Machine Learning Tutorial

What It Does

Classifies a set of documents as relevant or non-relevant to a topic. Assesses the probability of a document being relevant to the topic of interest.

When to Use It

Best used for document classification and prioritization when moderate-to-high training resources are available. This functions helps

  1. To decide which documents to keep and which to discard, and
  2. To sort documents in order of relevance to a topic

You must have a training dataset (a set of documents annotated as being relevant or not to the topic of interest) to train the machine learning algorithm. At least 100 training documents are recommended with a minimum of 25 relevant documents; more training data will produce better results. If the training data are randomly chosen from the larger pool of unclassified documents, prediction will be unbiased.

How to Use It

  1. Direct DoCTER to the training file
  2. Specify the column in which the text of the documents in the training file occurs.
  3. Specify the column containing the annotation (0/1; 0 for non-relevant, 1 for relevant) of the training documents.
  4. Direct DoCTER to the unclassified (non-annotated) data.
  5. Specify the column containing the text in the unclassified data file.
  6. Specify desired recall (sensitivity) threshold (0.01-0.99)
  7. Specify any nuisance words (Stopwords) to be removed from consideration, if any.
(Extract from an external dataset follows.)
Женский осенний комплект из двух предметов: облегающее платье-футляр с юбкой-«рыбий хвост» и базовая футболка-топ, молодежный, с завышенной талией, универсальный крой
How to Interpret the Output

Your browser will display a model performance table which presents various statistical performance metrics. In addition, the output csv available for download will contain all the original columns in the input csv, plus two additional output columns:

  1. A "_Pred" column containing a 0/1 (non-relevant/relevant) classification for each document, and
  2. A "_Prob" column containing the probability score of relevance for each document.